9. En dernier lieu, pour les motifs précédemment énoncés, le préfet des Bouches-du-Rhône n'a pas entaché son arrêté d'une erreur manifeste d'appréciation de la situation du requérant.

10. Il résulte de ce qui précède que M. B n'est pas fondé à demander l'annulation de l'arrêté du 5 décembre 2022. Par voie de conséquence, doivent également être rejetées ses conclusions à fin d'injonction ainsi que celles présentées sur le fondement des dispositions de l'article L. 761-1 du code de justice administrative et de l'article 37 de la loi du 10 juillet 1991🏛.

DECIDE :

Article 1er : M. B est admis à titre provisoire au bénéfice de l'aide juridictionnelle.

Article 2 : Le surplus des conclusions de la requête de M. B est rejeté.

Article 3 : Le présent jugement sera notifié à M. A D B et au préfet des Bouches-du-Rhône.
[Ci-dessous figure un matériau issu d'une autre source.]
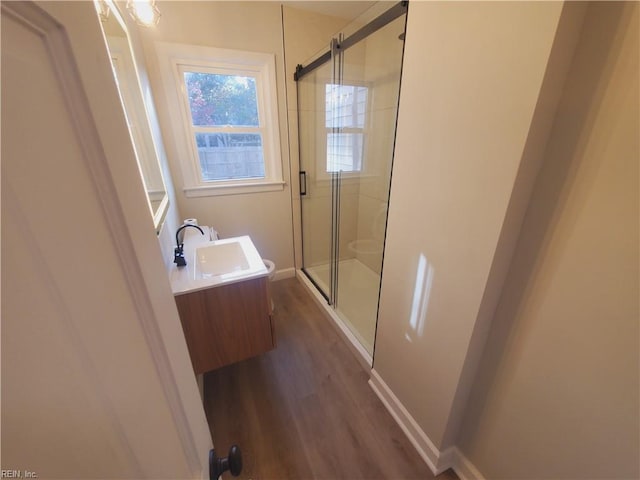 bathroom featuring hardwood / wood-style floors, vanity, and an enclosed shower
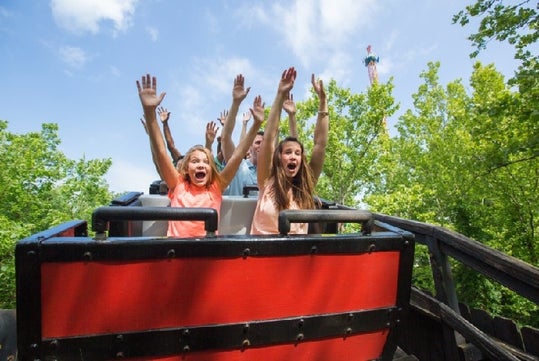 People riding a red and black roller coaster with their hands up, surrounded by trees and blue sky.
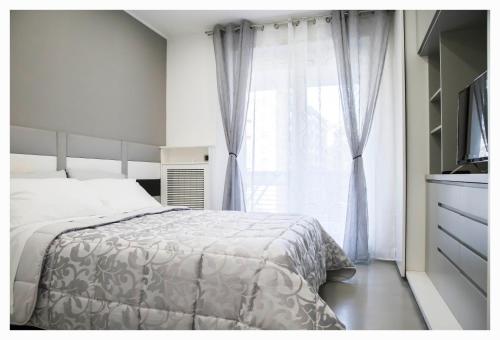 Posteľ alebo postele v izbe v ubytovaní New Sara's Trastevere apartment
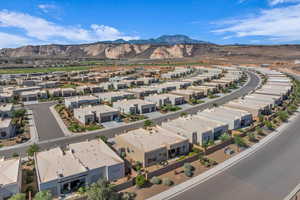 Aerial perspective of suburban area featuring a mountain backdrop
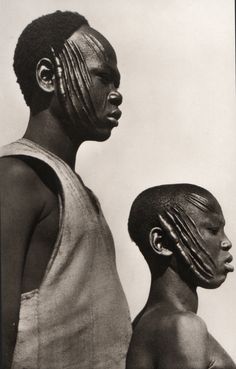 two black men standing next to each other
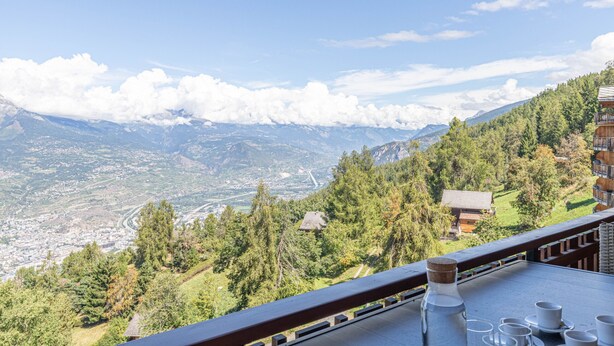 Vista de montanha a partir de uma varanda com uma mesa posta para o chá, com vista para um vale com edifícios e uma estrada.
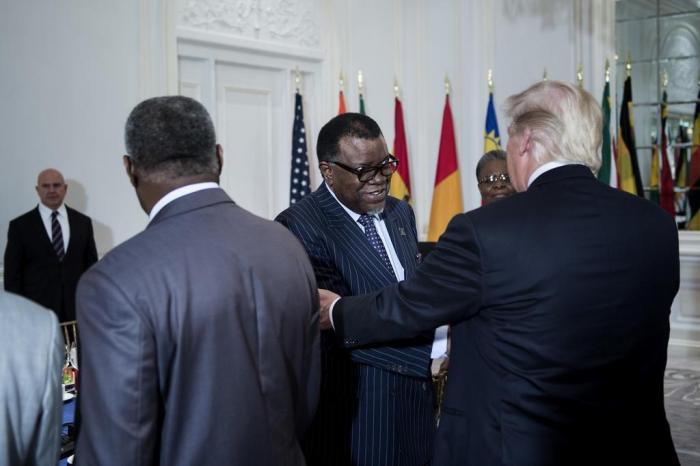 US President Donald Trump lunch with US and African leaders

US President Donald Trump (R) greets Namibias President Dr. Hage G. Geingob  before a luncheon with US and African leaders at the Palace Hotel during the 72nd United Nations General Assembly on September 20, 2017 in New York. / AFP PHOTO / Brendan Smialowski

Editoria: POL
Local: New York
Indexador: BRENDAN SMIALOWSKI
Secao: diplomacy
Fonte: AFP
Fotógrafo: STF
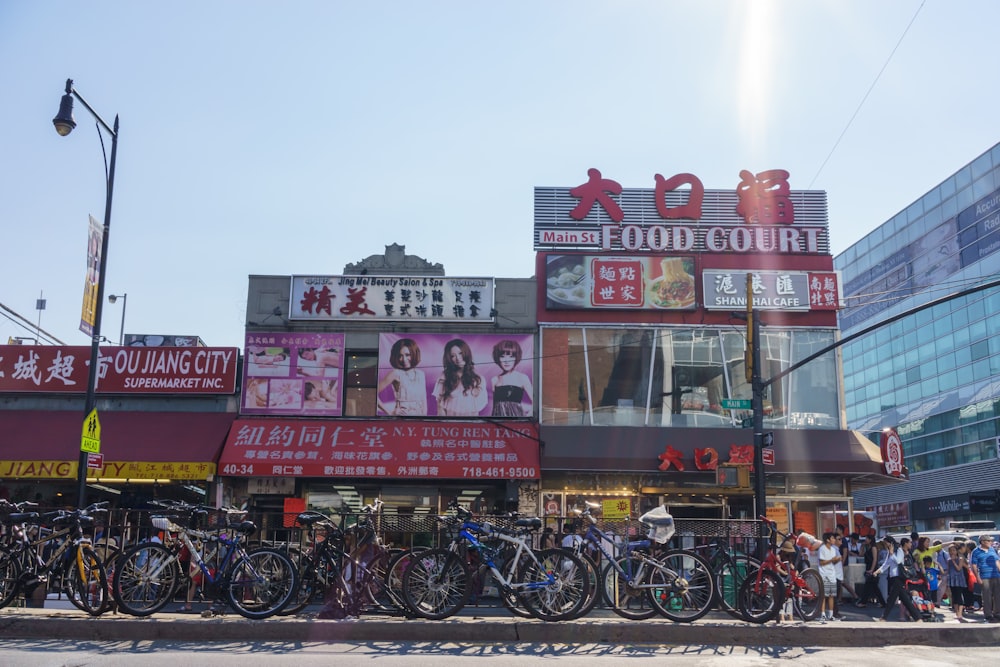 a group of bicycles parked outside of a building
Rendu public par mise à disposition au greffe le 2 février 2023.

La magistrate désignée,

Signé

M. C La greffière,

Signé

H. Ben Hammouda

La République mande et ordonne au préfet des Bouches-du-Rhône en ce qui le concerne ou à tous commissaires de justice à ce requis en ce qui concerne les voies de droit commun contre les parties privées, de pourvoir à l'exécution de la présente décision.